"Were we moving?"
"Would we buy a larger house?"
"Were we renovating and adding on?"
A realtor even told a friend that yes, without any doubt, we would be in the market for a bigger house.
"No," we told inquiring minds. We were doing none of the above. You see, we call ourselves lucky (immensely lucky) to own a house in this real estate market. We bought our home when the market declined precipitously in fall 2009. Acquaintances tell us we timed an amazing investment. The truth was, it was the only house and the only moment in time when we could afford to buy.
I still remember the open house, swarming with anxious couples. They stood in the backyard and whispered about the home's proximity to the train and its uncertain future thanks to high speed rail. That didn't scare us. I loved hearing the train go by at night when I was a child. My husband's father dedicated his professional life to public transportation in California. And we would be the first to regularly travel south on a train to LA. Other prospective buyers stalked the lawn discussing where a second bathroom could be added.

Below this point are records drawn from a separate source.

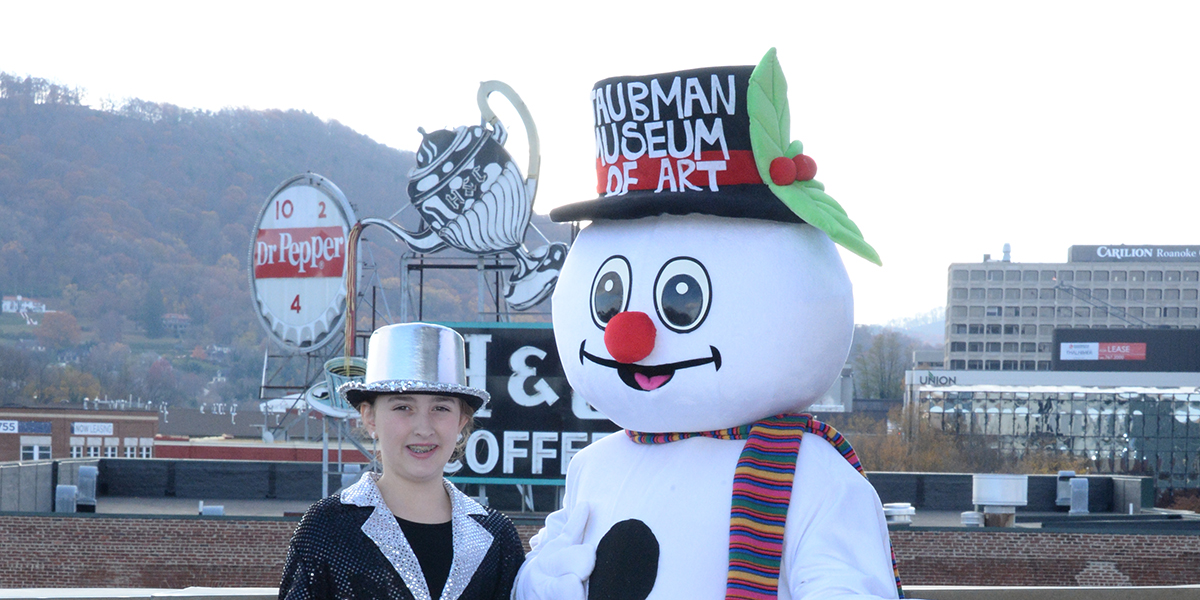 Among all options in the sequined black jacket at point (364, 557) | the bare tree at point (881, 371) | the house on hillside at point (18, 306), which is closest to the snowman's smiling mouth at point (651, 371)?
the sequined black jacket at point (364, 557)

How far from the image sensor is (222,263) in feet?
413

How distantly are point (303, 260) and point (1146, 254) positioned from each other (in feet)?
331

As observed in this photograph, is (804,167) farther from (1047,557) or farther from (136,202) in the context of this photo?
(136,202)

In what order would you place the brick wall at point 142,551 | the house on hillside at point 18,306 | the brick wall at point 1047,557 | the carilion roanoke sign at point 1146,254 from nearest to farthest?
the brick wall at point 142,551 → the brick wall at point 1047,557 → the carilion roanoke sign at point 1146,254 → the house on hillside at point 18,306

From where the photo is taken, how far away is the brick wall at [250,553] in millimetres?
17953

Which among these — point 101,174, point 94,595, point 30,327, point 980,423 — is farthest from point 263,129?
point 94,595

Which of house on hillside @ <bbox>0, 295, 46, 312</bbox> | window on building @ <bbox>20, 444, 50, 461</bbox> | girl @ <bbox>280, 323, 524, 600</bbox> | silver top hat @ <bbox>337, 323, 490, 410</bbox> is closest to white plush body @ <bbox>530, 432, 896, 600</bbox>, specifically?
girl @ <bbox>280, 323, 524, 600</bbox>

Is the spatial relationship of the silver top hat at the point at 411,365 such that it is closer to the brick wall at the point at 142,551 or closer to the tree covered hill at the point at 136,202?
the brick wall at the point at 142,551

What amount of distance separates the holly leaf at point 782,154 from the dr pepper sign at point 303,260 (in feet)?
80.3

Modest though it was, we bought our house because we loved it. It was not an investment. It was a home - a place for our family to live and love. Though the previous owners handed over architectural plans for a two-story renovation, they also left a lovable cat and conducted a new-age ceremony to "attract the right owners." My husband thinks I'm crazy, but I cherished a fertility talisman I found in the linen closet and hoped for years that the abundant children our home had sheltered before would be a harbinger of our own future. (And, gentle readers, it was!)
You see, our house is a small, 3 bedroom, 1 bath home that housed up to four children and 2 adults in a previous era. It could certainly accommodate our growing family. But there's another even more compelling reason for keeping our home modest..

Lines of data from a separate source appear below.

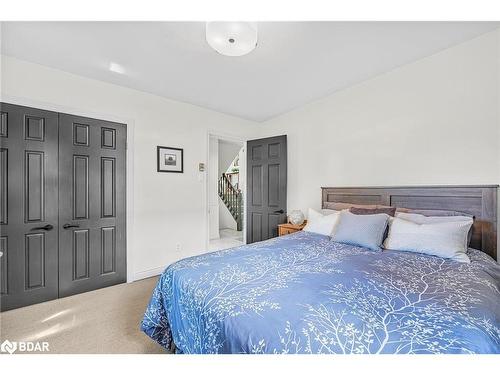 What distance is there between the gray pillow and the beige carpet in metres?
1.82

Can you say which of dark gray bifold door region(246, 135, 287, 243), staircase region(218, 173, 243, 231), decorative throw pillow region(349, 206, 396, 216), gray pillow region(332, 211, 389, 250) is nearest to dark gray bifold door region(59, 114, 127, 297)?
dark gray bifold door region(246, 135, 287, 243)

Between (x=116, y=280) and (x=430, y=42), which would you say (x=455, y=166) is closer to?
(x=430, y=42)

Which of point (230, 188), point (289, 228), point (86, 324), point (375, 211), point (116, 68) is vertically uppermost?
point (116, 68)

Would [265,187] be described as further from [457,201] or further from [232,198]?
[232,198]

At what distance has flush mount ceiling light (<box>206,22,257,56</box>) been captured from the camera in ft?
5.05

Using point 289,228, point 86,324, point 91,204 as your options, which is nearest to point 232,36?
point 91,204

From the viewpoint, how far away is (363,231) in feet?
7.05

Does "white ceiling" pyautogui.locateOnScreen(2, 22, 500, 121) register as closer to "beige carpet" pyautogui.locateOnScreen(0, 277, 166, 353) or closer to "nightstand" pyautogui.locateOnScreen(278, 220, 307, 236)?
"nightstand" pyautogui.locateOnScreen(278, 220, 307, 236)

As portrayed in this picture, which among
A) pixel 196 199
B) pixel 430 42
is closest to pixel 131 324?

Everyone is familiar with nightmare stories about renovations - unreliable contractors, inordinate delays, ballooning costs, and the discomforts and indignities of living in a construction zone. If the kids move out and the nest is empty, the house becomes a vacant shell of abundant beds and baths that continue to require cleaning even when they aren't in use. Thus, many older couples, having survived a renovation, are forced to downsize.

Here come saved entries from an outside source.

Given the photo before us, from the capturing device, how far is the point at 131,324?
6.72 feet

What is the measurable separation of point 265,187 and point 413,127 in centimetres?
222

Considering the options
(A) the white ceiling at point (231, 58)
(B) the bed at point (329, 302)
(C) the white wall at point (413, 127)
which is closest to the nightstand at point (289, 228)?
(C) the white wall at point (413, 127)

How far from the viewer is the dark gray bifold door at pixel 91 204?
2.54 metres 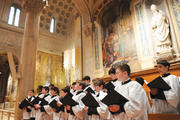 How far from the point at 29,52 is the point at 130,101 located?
5.85 m

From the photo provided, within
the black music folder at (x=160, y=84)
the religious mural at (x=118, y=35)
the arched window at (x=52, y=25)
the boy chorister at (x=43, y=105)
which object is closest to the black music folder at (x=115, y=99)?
the black music folder at (x=160, y=84)

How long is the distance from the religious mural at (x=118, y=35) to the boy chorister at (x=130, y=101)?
17.4ft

But what about the story my hairdresser recently told me? She has young twenty-something clients who have explained shamelessly that they'd prefer to live with their parents in Portola Valley where they have a master suite and pool than to move to San Francisco to live on their own in a (gasp!) small crummy apartment.
As my daughter and I struggle to share the mirror over the sink in our only bathroom when we are getting ready in the morning, I remind her why she needs to get used to it. (Her primping in teen age and mine in middle age are likely to get worse before they get better.) "This experience, will give you a great reason to move out when you are eighteen!" I declare.